What’s different this time is that, despite the vicious backlash and very real threat of violence, people are still in the streets — and continue to come into the streets with each new racist police murder, from Atlanta to Kenosha, Los Angeles to Rochester, N.Y., and beyond.
The refusal of the people, especially young people, to be silenced is encouraging. But a spontaneous protest movement is not an unlimited resource, especially when the forces of the capitalist state are mobilized against it.
Unity and coordination needed
The urgent need is for greater unity and coordination of people’s organizations for the coming battles with the state and the fascists. This includes developing strategies for self-defense, new tactics to escalate the struggle in the streets and workplaces, and alternative forms of power to challenge the right of the presidency, the Congress, state legislatures and city councils to make the rules. This is true regardless of the outcome of November’s presidential election.

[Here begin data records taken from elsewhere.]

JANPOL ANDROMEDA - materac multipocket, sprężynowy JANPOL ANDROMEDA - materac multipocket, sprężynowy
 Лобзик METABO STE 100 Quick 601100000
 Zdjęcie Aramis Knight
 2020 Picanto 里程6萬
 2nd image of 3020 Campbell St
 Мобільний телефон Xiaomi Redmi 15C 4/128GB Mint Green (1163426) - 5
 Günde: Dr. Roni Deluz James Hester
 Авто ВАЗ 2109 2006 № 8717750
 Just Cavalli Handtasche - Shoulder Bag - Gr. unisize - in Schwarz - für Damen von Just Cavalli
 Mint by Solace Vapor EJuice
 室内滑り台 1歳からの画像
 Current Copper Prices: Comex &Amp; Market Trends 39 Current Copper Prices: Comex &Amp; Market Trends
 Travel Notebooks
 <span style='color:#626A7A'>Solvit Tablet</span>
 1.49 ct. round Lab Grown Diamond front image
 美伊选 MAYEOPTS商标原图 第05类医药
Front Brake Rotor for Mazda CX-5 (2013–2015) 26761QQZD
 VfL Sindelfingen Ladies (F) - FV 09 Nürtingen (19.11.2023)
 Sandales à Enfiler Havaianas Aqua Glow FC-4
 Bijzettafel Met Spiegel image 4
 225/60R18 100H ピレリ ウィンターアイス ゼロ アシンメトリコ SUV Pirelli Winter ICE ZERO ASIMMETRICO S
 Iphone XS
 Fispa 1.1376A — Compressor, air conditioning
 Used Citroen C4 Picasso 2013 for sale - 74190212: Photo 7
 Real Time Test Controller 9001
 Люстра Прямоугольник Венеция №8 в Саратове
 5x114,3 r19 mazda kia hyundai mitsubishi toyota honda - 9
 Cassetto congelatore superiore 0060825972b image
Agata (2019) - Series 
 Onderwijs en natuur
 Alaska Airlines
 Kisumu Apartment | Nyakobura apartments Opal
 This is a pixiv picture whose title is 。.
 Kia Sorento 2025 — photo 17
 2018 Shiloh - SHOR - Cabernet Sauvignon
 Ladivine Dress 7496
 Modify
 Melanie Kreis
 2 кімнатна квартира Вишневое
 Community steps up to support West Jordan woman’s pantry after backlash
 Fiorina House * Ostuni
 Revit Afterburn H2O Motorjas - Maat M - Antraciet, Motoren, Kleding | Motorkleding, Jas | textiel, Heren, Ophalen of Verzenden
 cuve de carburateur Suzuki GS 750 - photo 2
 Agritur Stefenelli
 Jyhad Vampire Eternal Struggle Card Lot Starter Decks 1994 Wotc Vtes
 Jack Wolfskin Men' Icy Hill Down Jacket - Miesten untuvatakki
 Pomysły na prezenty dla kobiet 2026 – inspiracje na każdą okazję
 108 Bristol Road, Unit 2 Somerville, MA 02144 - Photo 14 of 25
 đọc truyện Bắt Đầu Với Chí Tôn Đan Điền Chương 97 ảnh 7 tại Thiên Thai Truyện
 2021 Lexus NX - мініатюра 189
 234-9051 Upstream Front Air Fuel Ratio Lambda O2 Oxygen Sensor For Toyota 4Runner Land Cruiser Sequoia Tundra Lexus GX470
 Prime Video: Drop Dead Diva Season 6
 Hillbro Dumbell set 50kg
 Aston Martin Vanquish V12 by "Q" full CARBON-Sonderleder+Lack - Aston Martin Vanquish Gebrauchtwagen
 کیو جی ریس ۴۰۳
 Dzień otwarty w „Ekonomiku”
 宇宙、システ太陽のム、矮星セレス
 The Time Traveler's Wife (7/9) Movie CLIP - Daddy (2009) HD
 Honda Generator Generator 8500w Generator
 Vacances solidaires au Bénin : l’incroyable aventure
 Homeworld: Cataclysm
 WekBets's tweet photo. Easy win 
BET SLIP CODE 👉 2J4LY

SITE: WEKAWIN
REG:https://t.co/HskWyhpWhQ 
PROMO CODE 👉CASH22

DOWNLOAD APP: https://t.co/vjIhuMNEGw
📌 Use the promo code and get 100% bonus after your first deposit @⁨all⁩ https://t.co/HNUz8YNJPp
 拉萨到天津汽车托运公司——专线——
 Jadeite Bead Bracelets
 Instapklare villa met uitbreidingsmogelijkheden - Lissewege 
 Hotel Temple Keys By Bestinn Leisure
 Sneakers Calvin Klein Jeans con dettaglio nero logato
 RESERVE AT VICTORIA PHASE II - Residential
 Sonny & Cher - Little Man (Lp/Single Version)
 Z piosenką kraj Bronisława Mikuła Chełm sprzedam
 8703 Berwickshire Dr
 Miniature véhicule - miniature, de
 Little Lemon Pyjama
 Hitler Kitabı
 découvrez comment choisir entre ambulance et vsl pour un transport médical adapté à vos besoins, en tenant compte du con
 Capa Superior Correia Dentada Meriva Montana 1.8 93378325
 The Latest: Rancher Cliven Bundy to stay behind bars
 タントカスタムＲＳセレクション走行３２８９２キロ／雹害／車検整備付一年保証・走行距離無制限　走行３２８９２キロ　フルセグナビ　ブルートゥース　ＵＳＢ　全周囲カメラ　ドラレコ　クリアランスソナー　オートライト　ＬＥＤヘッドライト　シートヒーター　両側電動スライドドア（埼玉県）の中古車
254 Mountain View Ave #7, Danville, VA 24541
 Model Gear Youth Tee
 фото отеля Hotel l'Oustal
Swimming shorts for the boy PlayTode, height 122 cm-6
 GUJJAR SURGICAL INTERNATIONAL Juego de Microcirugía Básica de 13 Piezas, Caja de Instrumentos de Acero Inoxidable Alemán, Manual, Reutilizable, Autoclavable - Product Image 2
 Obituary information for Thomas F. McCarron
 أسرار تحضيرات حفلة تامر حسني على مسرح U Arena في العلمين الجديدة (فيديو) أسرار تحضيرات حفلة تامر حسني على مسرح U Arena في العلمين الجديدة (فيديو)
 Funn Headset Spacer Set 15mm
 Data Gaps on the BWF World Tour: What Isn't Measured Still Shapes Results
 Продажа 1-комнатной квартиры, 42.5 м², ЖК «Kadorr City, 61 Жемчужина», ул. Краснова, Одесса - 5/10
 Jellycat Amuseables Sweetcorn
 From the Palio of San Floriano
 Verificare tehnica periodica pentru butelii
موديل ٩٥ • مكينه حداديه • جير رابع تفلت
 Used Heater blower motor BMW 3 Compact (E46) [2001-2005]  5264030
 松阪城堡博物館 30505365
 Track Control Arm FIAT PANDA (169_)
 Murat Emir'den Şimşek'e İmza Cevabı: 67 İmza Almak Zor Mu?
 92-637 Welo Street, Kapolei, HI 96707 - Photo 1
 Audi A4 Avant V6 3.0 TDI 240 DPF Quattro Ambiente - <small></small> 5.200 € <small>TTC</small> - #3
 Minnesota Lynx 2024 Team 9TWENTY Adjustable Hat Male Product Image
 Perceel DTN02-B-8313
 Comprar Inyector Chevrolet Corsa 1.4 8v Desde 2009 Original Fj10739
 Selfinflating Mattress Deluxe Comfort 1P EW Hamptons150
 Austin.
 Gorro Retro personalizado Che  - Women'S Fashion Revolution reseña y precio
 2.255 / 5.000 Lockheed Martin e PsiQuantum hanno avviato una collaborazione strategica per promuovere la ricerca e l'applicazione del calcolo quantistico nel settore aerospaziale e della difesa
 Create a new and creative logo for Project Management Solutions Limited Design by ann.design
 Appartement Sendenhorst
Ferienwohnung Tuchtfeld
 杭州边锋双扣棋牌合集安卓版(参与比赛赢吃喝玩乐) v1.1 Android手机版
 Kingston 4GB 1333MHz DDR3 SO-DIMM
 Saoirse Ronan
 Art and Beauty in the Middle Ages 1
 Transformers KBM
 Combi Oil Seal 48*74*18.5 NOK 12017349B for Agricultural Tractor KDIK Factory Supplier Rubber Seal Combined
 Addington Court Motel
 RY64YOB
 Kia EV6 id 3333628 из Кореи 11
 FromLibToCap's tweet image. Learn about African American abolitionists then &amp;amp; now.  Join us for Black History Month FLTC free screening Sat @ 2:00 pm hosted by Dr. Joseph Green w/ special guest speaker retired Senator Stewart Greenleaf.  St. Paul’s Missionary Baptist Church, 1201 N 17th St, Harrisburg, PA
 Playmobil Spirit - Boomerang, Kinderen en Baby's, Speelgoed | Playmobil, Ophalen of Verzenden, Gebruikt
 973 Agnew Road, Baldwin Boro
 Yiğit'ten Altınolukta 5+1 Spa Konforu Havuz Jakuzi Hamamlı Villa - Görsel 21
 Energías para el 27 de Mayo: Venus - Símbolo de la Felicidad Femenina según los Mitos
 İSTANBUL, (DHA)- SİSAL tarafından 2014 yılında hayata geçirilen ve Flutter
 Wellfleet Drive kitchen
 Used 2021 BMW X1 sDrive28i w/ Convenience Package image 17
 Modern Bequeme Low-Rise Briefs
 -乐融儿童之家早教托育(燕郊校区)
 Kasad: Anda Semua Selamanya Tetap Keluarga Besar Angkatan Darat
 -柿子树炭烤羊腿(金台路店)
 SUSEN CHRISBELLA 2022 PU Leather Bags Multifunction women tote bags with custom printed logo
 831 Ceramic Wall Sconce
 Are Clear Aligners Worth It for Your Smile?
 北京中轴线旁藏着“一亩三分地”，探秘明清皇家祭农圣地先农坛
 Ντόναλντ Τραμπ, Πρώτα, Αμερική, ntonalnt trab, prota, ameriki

The broad movement in defense of Black lives needs to prepare for whatever may come in the next several months. The least likely scenario is a sweeping Biden victory, a peaceful Trump concession and a return to pre-2017 governmental norms, as bad as those were.
Police and fascist repression at polling places; massive voter suppression; interference with the Post Office and mail-in voting; manipulation of the undemocratic Electoral College system; fascist violence in the streets; an “October surprise” war against Venezuela, Iran or China; even a coup involving the military or other state forces — are all possibilities that revolutionaries must reckon with.
Underlying the volatile instability at the top is the cataclysmic crisis of capitalism, exacerbated by the COVID-19 pandemic, which has created the greatest economic crisis for the workers and oppressed since the Great Depression of the 1930s.
Now is the time for bold initiatives, careful planning, and building class-conscious, anti-racist organs of self defense. Time is short, but the human material exists and conditions are ripe for taking the first steps onto the path of revolutionary change. Let’s get to work.